We would then apply the second test (two-stage) to the samples that were negative in the first test (conventional). The sample results would be as follows:

  Disease + Disease - Total
Two-Stage + 24 0 24
Two-Stage - 59 900 959
Total 83 900 983

Using the above examples, the overall testing would be as follows:

  Disease + Disease - Total Predicted value
Overall + 41 0 41 PV+ = 100%
Overall - 59 900 959 PV- = 93.8%
Total 100 900 1,000  

Therefore, the use of parallel testing in this example increased the overall sensitivity to 41% from 16.5%, the specificity did not change and the negative predictive value increased from 91.6% to 93.8%. This is another example of the use of diagnostic testing in parallel.

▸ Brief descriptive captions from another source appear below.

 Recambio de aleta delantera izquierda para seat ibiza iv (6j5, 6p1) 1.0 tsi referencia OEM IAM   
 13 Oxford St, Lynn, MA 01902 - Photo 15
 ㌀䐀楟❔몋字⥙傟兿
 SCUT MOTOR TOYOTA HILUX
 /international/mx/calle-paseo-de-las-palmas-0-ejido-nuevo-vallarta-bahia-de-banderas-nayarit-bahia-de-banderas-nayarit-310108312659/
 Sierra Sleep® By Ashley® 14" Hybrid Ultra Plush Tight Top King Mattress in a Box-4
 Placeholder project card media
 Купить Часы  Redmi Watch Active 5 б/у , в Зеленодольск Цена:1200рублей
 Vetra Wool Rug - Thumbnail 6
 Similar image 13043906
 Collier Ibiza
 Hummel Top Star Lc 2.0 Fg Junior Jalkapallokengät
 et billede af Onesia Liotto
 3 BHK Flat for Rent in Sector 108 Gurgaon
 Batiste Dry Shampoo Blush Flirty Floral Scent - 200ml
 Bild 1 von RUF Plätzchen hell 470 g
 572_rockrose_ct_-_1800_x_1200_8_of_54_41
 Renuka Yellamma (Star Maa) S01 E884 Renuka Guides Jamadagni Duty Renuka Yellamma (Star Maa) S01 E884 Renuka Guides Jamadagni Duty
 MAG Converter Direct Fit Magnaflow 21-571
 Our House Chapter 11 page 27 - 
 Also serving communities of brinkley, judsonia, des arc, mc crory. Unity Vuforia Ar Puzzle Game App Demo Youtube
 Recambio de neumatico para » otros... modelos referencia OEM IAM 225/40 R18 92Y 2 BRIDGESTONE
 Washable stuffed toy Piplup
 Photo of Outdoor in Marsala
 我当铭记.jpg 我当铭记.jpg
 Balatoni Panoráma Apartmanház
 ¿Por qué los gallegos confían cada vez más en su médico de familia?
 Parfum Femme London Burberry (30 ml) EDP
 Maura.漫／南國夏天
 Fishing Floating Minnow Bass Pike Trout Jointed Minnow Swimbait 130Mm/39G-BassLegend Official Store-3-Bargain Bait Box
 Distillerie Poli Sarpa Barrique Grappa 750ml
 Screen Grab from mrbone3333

  1. Michael Thrusfield, Author. Veterinary Epidemiology, 2nd Edition. Blackwell Science, Malden, MA, USA. 1995.
  2. Michael J. Murray. Disorders of the large intestine. In Large Animal Internal Medicine, 2nd Edition. Editor BP Smith, 1996. Publisher Mosby.
  3. van Duijkeren, E et al. Diagnosing salmonellosis in horses. The Veterinary Quarterly, 1995 17(2): 63 - 66.
  4. Palmer, JE and Benson, CE. Salmonella shedding in horses. Proceedings of the International Symposium on Salmonella, ED. GH Snoyenbos, New Orleans, 1984: 161 - 164.